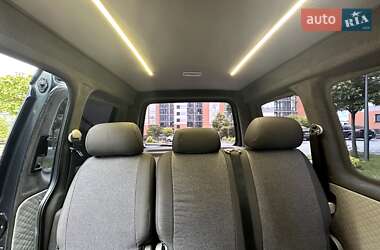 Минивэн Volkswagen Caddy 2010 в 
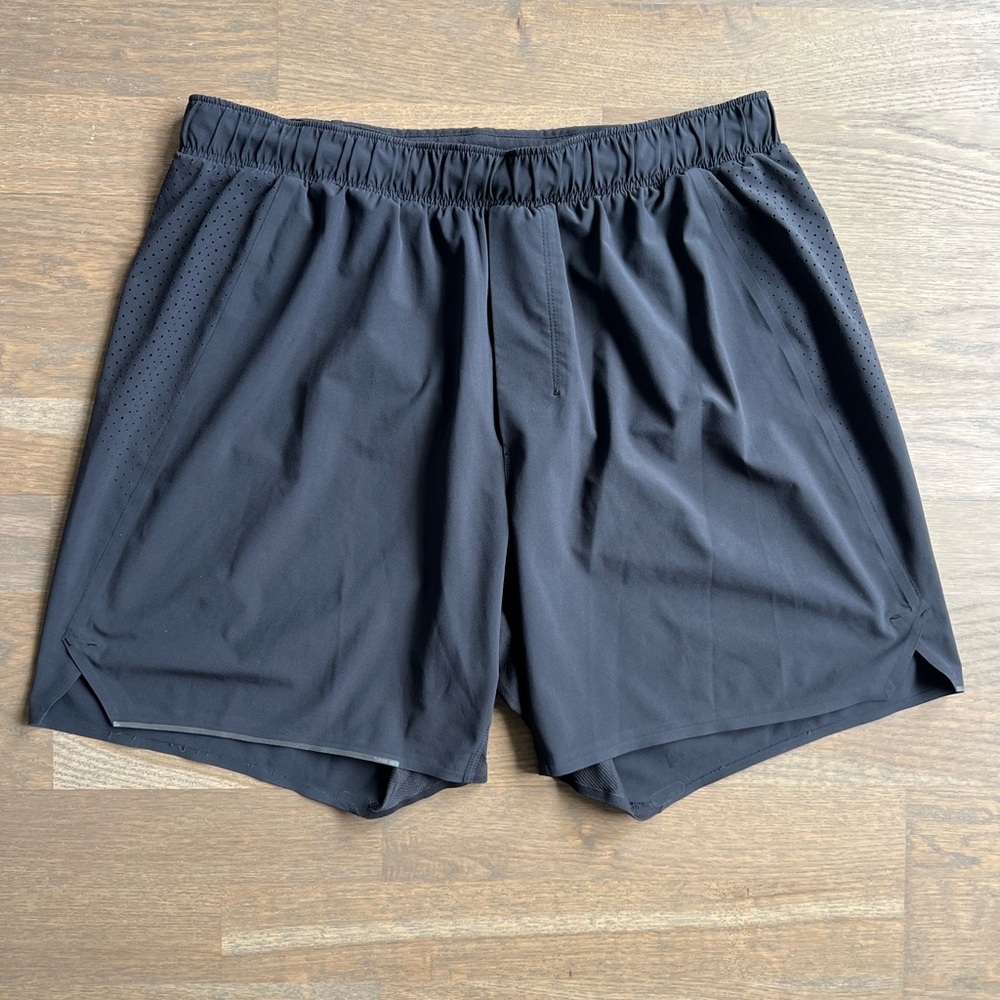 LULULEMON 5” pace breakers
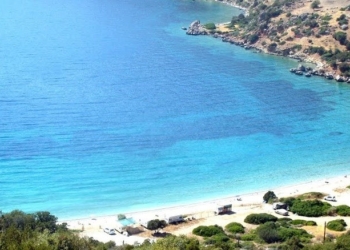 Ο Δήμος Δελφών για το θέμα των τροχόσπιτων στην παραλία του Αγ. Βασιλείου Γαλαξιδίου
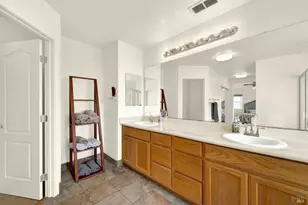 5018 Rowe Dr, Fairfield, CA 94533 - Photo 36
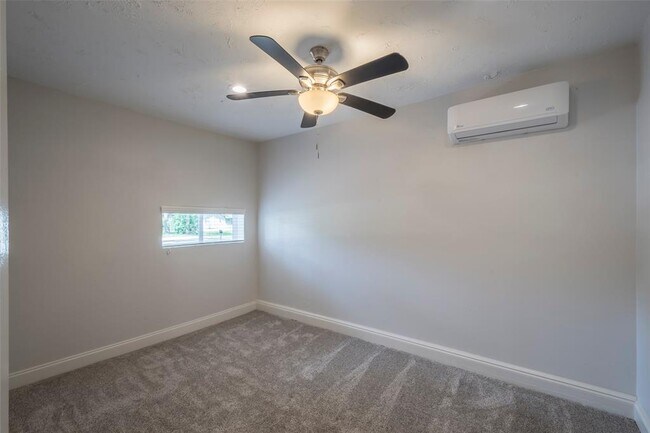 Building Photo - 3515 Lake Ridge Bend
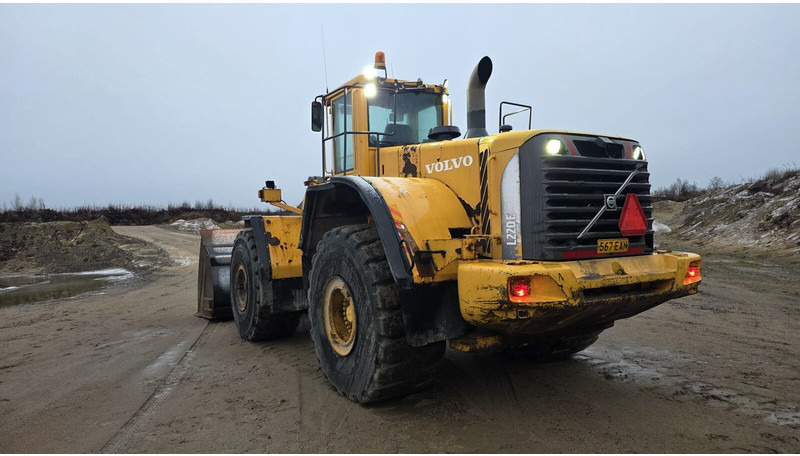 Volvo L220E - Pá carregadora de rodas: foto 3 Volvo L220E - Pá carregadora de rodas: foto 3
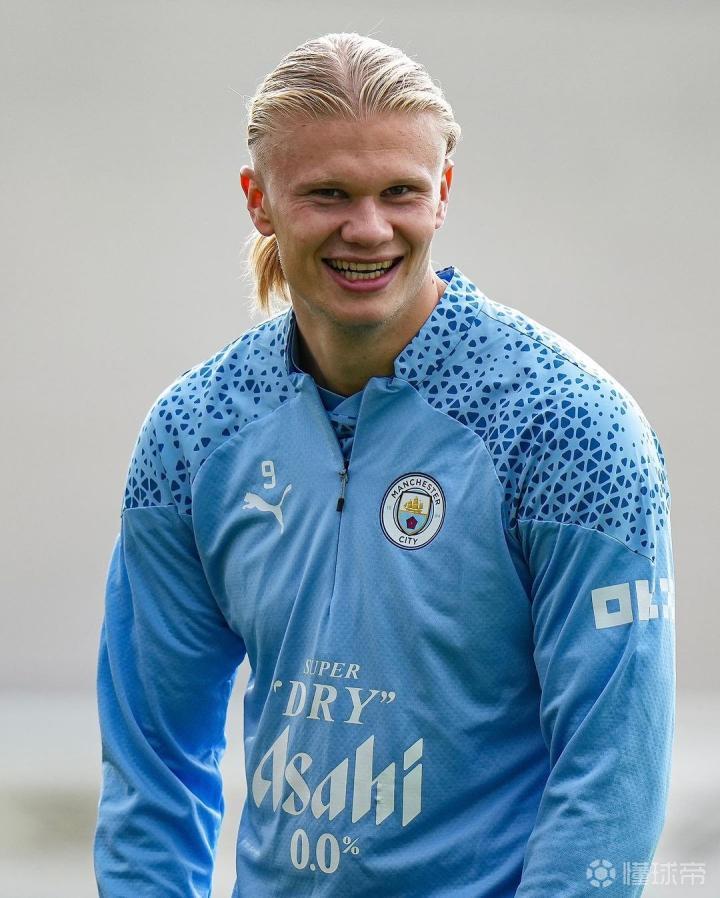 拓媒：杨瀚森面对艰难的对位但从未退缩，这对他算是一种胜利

==

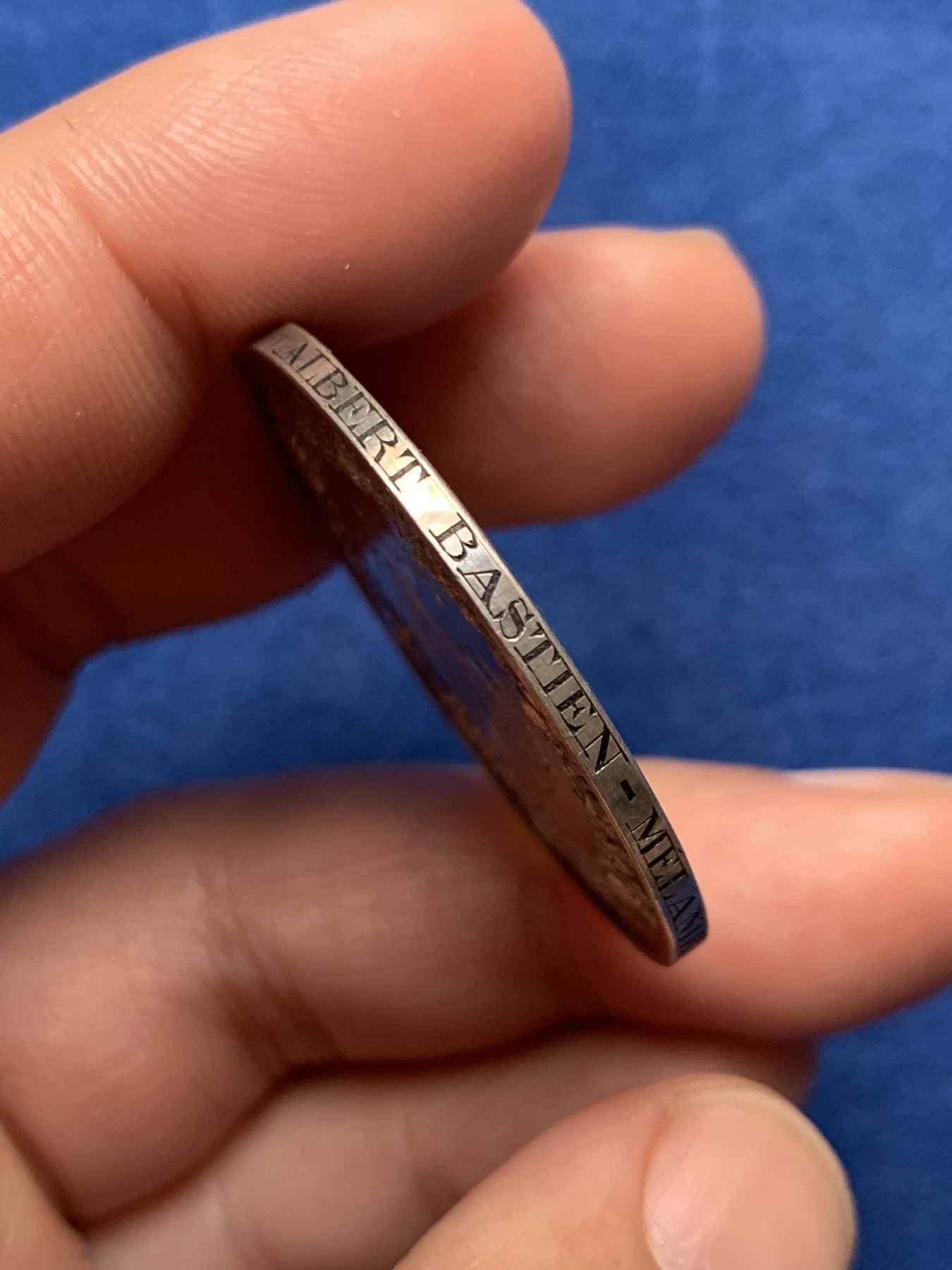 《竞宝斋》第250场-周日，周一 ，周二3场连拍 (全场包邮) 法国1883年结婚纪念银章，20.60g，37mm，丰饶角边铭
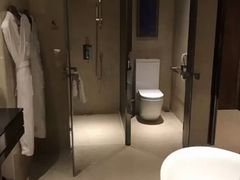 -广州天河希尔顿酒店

--

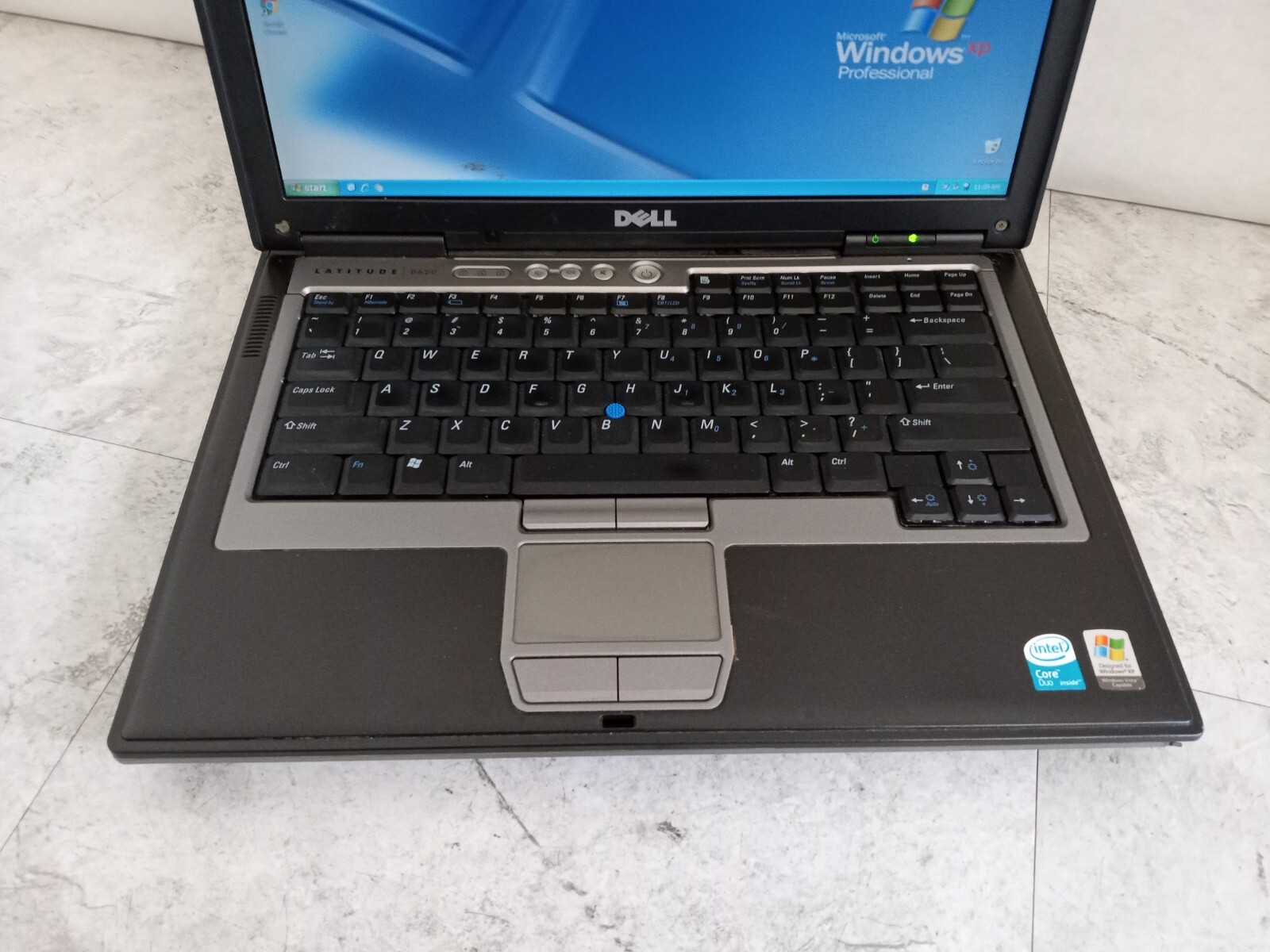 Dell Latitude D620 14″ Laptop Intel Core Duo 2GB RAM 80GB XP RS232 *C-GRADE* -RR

**EXERCISE PROMPT**
Reproduce the lines above beginning at the line that contains "5018 Rowe Dr, Fairfield, CA 94533 - Photo 36" and ending at the line that contains "拓媒：杨瀚森面对艰难的对位但从未退缩，这对他算是一种胜利". No pictures.

**SOLUTION BELOW**
 5018 Rowe Dr, Fairfield, CA 94533 - Photo 36
 Building Photo - 3515 Lake Ridge Bend
 Volvo L220E - Pá carregadora de rodas: foto 3 Volvo L220E - Pá carregadora de rodas: foto 3
 拓媒：杨瀚森面对艰难的对位但从未退缩，这对他算是一种胜利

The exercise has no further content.